Non puoi incollare i dati del tuo paziente in ChatGPT pubblico per "fare in fretta". È dato sanitario, categoria sensibile del GDPR, e l'urgenza non è una giustificazione legale. Il caso Synlab 2024 da 2,5 milioni di sanzione del Garante è lì a ricordarlo.

Non puoi sostituire il protocollo locale del tuo ospedale con la linea guida internazionale. I percorsi interni tengono conto dei farmaci che hai davvero in farmacia, dei tempi del tuo PS, dell'organizzazione dei reparti. La linea guida non sa nulla di tutto questo.

Non puoi cliccare "approvo" alla cieca su quello che ti propone un sistema. La sorveglianza umana vera vuol dire che tu controlli, non il software.

Non puoi fidarti senza doppio controllo su pediatria e gravidanza: dosi pesate, controindicazioni e farmaci off-label sono terreno scivoloso anche per i sistemi seri.

Cosa invece si può fare bene

Esistono modelli di intelligenza artificiale che girano in locale, in Europa, sul server dell'ospedale. Vanno pre-popolati con le ultime linee guida nelle aree dove lavori davvero. App sul cellulare aziendale, login forte, una domanda, una risposta operativa.

Una query tipica suona così: "STEMI inferiore con sospetto coinvolgimento del ventricolo destro, paziente 67 anni, pressione 95 su 55". La risposta arriva strutturata: bolo di liquidi 250-500 ml e poi rivaluti, evita i nitrati, doppia antiaggregazione con dosi di carico, finestra per l'angioplastica. Sotto, il riferimento alla linea guida ESC con anno e capitolo. Se hai il dubbio, in venti secondi vai a verificare la fonte.

Le domande che fai non contengono dati identificativi del paziente: scenari clinici tipo, non Mario Rossi specifico. Il sistema lavora su quello.

I paletti che non si toccano

Server in Europa o dentro l'ospedale, modello in casa, knowledge base con le linee guida ufficiali aggiornate. Log delle interrogazioni accessibile a chi gestisce il trattamento. Login biometrico sull'app aziendale, niente account personali, niente cellulari privati per consultazioni su pazienti reali.

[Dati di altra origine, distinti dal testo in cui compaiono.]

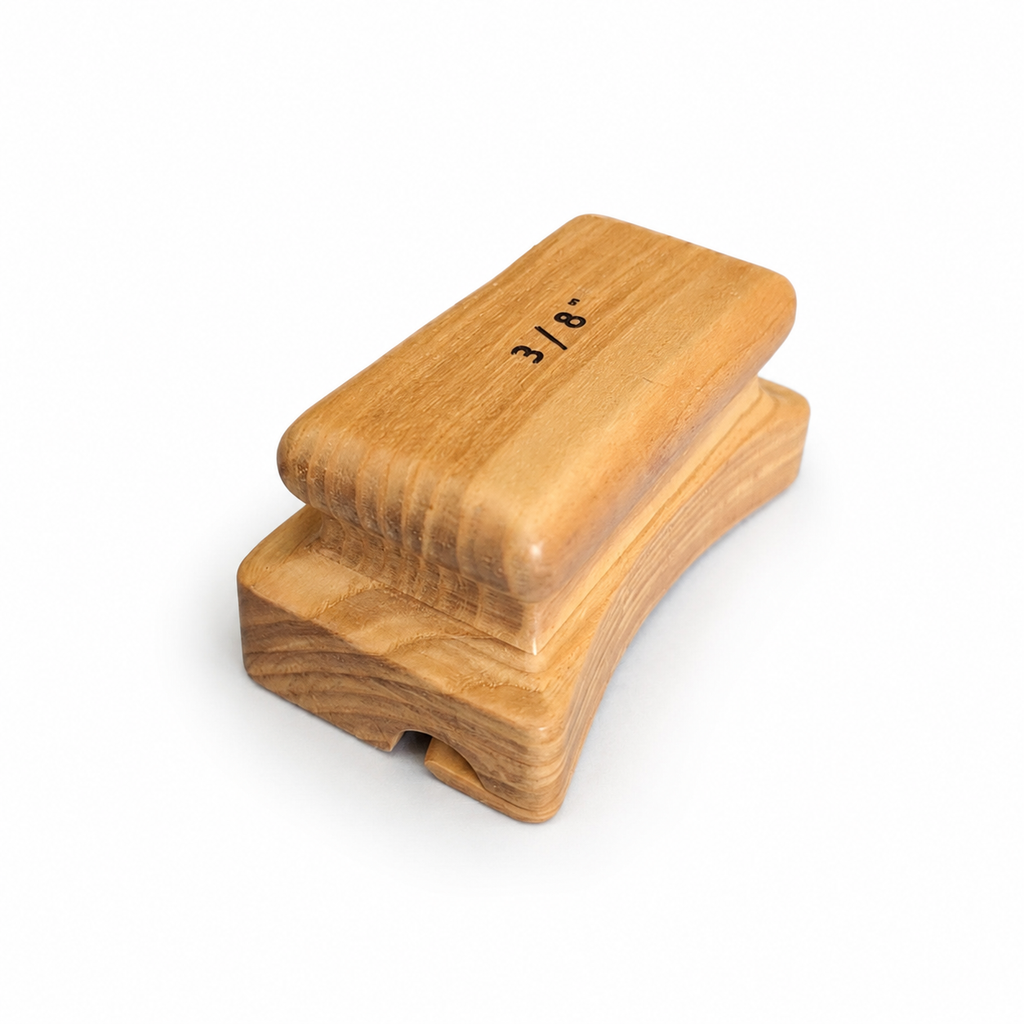 Wooden 3/8 inch hat brim curler for shaping narrow rolled felt hat edges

Pseudonimizzazione obbligatoria se in qualche momento il sistema si integra con la cartella clinica. E formazione vera al personale che lo usa. Non il corsino in PDF da venti minuti, ma capire davvero cosa fa il sistema e dove può sbagliare.

Il workflow nel turno di notte

Codice rosso STEMI in entrata, due cardiologi senior reperibili a casa, sala emodinamica avvisata. Mentre prepari il paziente fai la query veloce. Risposta in tre secondi: bolo di liquidi, no nitrati, carico di acido acetilsalicilico più ticagrelor, fonte linea guida ESC 2023. Tu prescrivi, monitorizzi, accompagni. La sala è pronta. Nessuna decisione delegata, supporto reale.

Sembra complicato e non è banale: il sistema va calibrato sulla tua specialità, sulle emergenze che vedi davvero, sui protocolli interni. Non è un'app che scarichi e funziona uguale per tutti.

Una nota personale

Io di mestiere monto sistemi IA privati per medici e studi italiani. Non vendo corsi, non vendo formule magiche. Se hai domande sul tema, c'è il gruppo Telegram di Super Squalo (t.me/Squalogruppo). Si chiacchiera di queste cose ogni giorno, e si risponde gratis.

Lo STEMI delle tre di notte arriva in sala con la terapia giusta. Il paziente, il giorno dopo, non sa che hai fatto una query di trenta secondi prima del trasporto. Sa solo che è vivo, e basta così.